Cubicle with a View
Money is the only thing that has value. Consequently, only things that yield immediate monetary gain are important. The more immediate, the more important.
Don't worry about the long term, baby. We'll be halfway to Buenos Aires by then.
We were watching "Antiques Roadshow" tonight. How many items that were picked up for $25, $50 have come to be worth tens of thousands of dollars, now that the artistic merit of their creator has finally (many years after burial in a pauper's grave, of course) come to be fully recognized? And why is it that serious material benefit only shows up once the actual creator of the work is long gone?
It pays to be an artist, eventually, but it pays someone else. Not you.
My sisters are artists. Jessie, a concert pianist in Brooklyn, actually manages to scrape out a sparse living at it. Margie, a free spirit in Seattle? Not so much. Jessie is a brilliant musician. And Margie is just a genius: she composes, plays piano and cello beautifully, sketches, paints... and works in a pizza parlor, if she can get work.
I'm the least talented of the three of us by far. And I'm also easily the best off: I have a very comfortable middle-class job with a retirement plan and good health insurance. I guess contentment with mediocrity is more valuable than genius.
My staid government agency employer has recently become a vehicle for a handful of brilliant career climbers, rocketing through on their way to bigger and greater things, leaving decades of bureaucracy swirling in tumult like jetstream in their wake. Our new executive director has recently announced his departure for the next big thing.
He brought an entire new upper-managementourage with him, when he arrived about two years ago, and has fundamentally shaken our tired old agency structure to its roots. This is not necessarily a bad thing. But, having wrenched us off the deeply rutted old path, it seems unfair to leave the people who were contentedly trudging along it to figure out how to convert the maelstroms of change he's stirred up into a productive route forward. What do we do? Hire a batch of new, dynamic visionaries who will rile things up a bit more along the same lines, then probably follow in this guy's footsteps? Or try to forget, try to get back to the way things used to be?
Because the thing is, all the cronies he brought with him, who understand this way of doing things, are all going out with him. It's just like when the Enterprise makes unauthorized first contact with a Stone Age culture because Kirk just HAS to bone the girl in the leopardskin bikini and tosses everything they've come to believe about the universe on its ear, when suddenly the Fleet Admiral is all like "JAMES TIBERIUS KIRK YOU GET BACK TO STARBASE RIGHT NOW" and just like that, poof! they're gone.
And the Stone Age culture is all like, well, shit. Now what?
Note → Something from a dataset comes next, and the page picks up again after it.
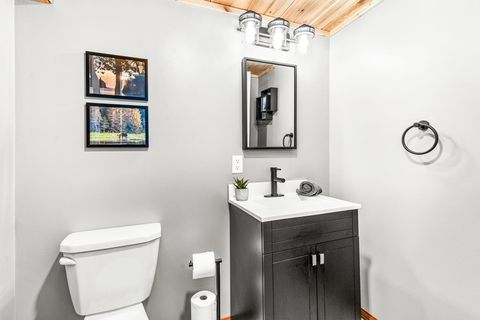 Tiny photo for 32 W Palm St, Duluth, MN 55811 (MLS # 6122975)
I was talking about this to my boyfriend tonight, since he also works for the same agency. He was inclined to be hopeful. He suggested that one of the old guard who had not been run off might take back over as the new executive director.
"At least he's an engineer," he said.
Were sadder words ever spoken?
Mind you, I've put in my time with soulless marketing types. When I first started working for this agency (eight years ago (TODAY!)) I looked around me at the freak show of decaying, defective career government employees. I looked at the old-timey phones with the blinking red "hold" lights. I saw the DOS-based mainframe applications. I smelled the cigarette smoke, the microwave popcorn, the Phantom Pharts in cubicle-land. And I said, "Well, you know, at least they aren't soulless marketing types."
What goes around comes around, I guess.